COLLINS: That is something that I think we are going to see potentially be one of the biggest phrases of this entire saga.

HONIG: It's an important, lawyerly hedge, Kaitlan.

And now the attorney-client privilege, as you mentioned before, is going to come into play, because back in January, this attorney, Kevin [SIC] Corcoran, went in, and he answered questions in front of the grand jury. But he refused to talk about certain of his conversations with Donald Trump.

COLLINS: Which is normal. That is what attorneys typically would do, right?

HONIG: Absolutely.

COLLINS: They wouldn't talk about their conversations.

HONIG: What you would automatically do. You would say it's privileged.

However, DOJ is trying to use successfully now what's called the crime/fraud exception. Here's what that means.

If an attorney and a client are talking about an ongoing crime together, that is not privileged. So, for example, if you hired me as your attorney, and you told me, "Six months ago, I robbed a bank," that is privileged.

But if you say to me, "Hey, why don't you and I get together, and we'll do a bank robbery?" That is an ongoing crime that you're trying to commit with me. That is going to be under the crime/fraud exception.

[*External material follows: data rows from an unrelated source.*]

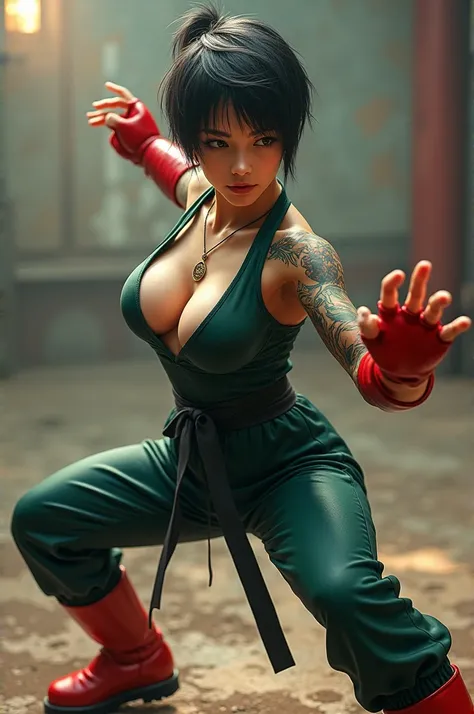 A woman, white, short black hair, shaved on one side, tattoos, red gloves, red boots, wearing a dark green jumpsuit, big breasts, delicate face and a courageous expression, very athletic body, full body, training Kung fu. Video game style.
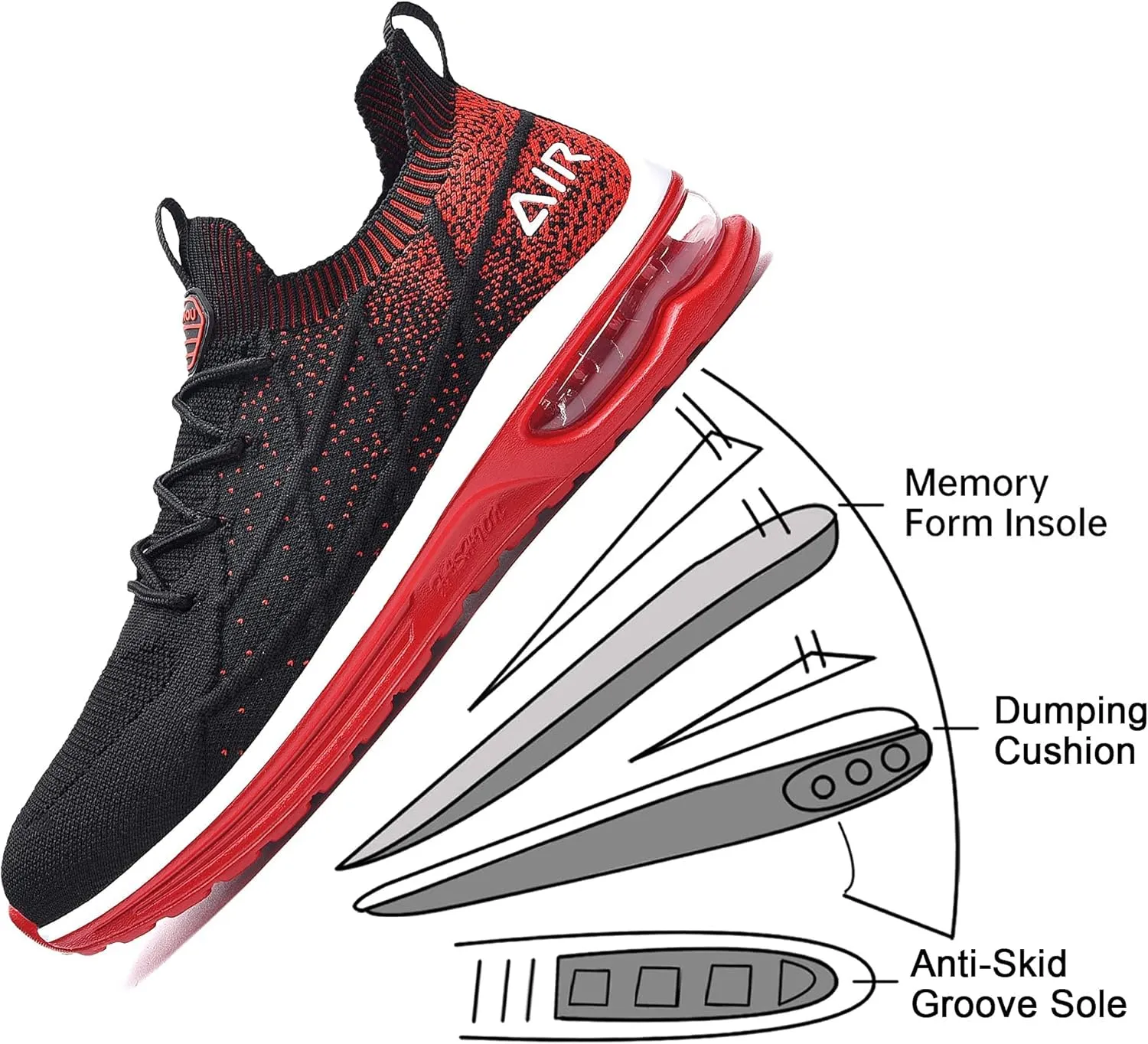 Mens Air Running Shoes Athletic Tennis Sneakers US 7.5-US 13…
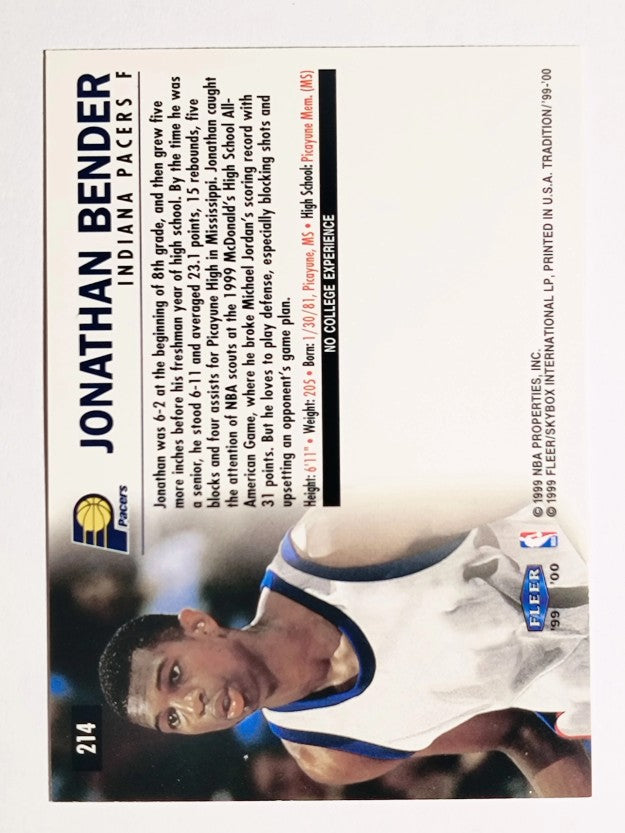 1999-00 Fleer #214 Jonathan Bender RC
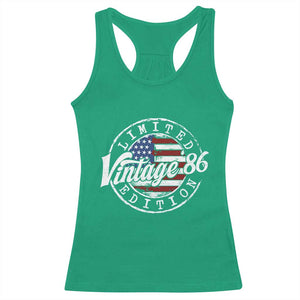 Funny 40th Birthday Racerback Tank Top Vintage 1986 Stamp 40 Years Old American Flag TS11 Irish Green Print Your Wear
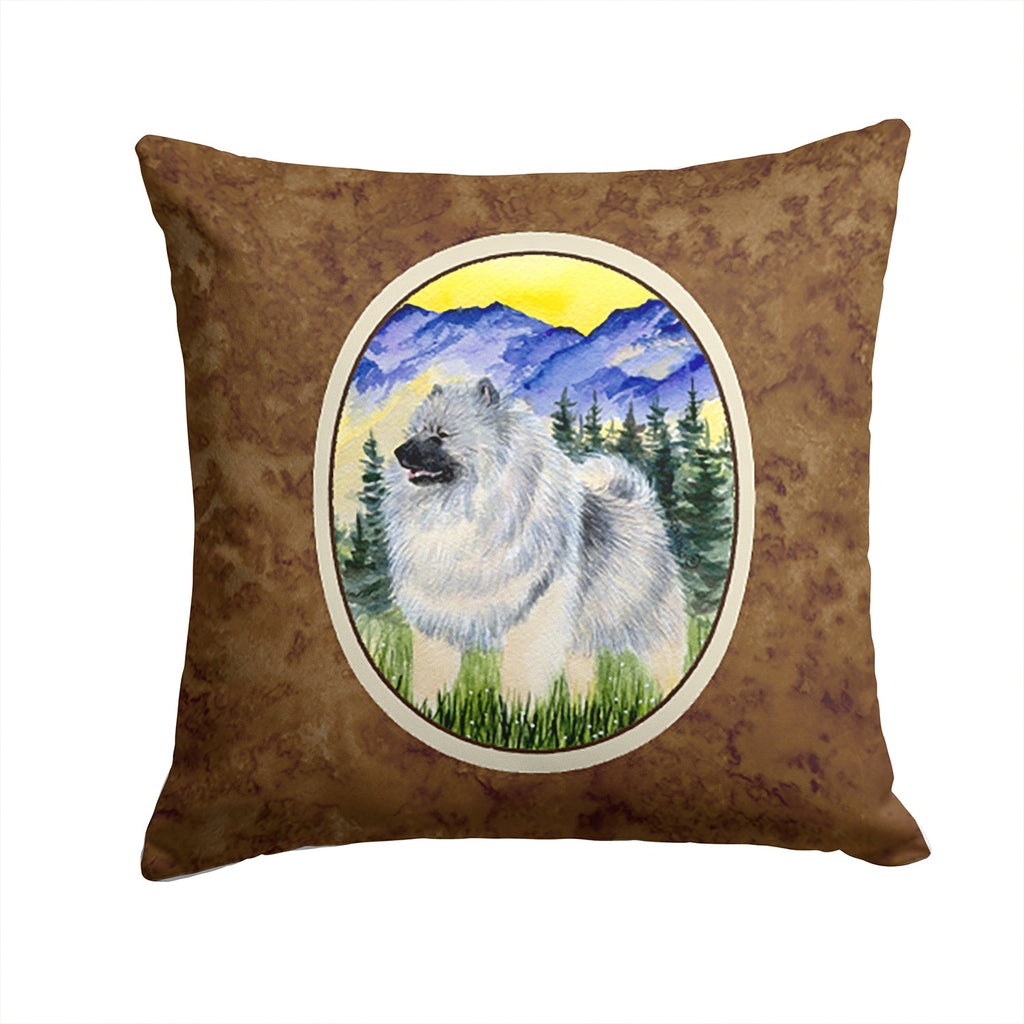 Keeshond Decorative Throw Pillow 14x14 Indoor Outdoor Accent Cushion, Fabric Cover with Insert for Sofa, Bed, Porch & Living Room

Now, DOJ's theory is that the person who committed the potential crime here is Donald Trump. That's really important. And what's the crime? Potential crime? Obstruction. And we've seen this before. Because in the search warrant to search Mar-a-Lago, DOJ said to a judge, We believe that evidence of obstruction -- and that's the crime obstruction of justice -- will be found at the premises.

[06:10:04]

Now, Kaitlan if you go to a judge and ask the judge to break through that privilege, you don't have to prove the case beyond a reasonable doubt. That's at trial. All you have to show is what's called a prima facie case.

COLLINS: Which means what?

HONIG: One of these Latin phrases that means "on its face," like it sounds like. You just have to make sort of the base of a showing.

The other thing is there are some situations where a prosecutor can go to a judge and just say, Take our word for it. We have enough evidence. Here you have to do more. You have to prove specific evidence to a judge. And so that's what DOJ did.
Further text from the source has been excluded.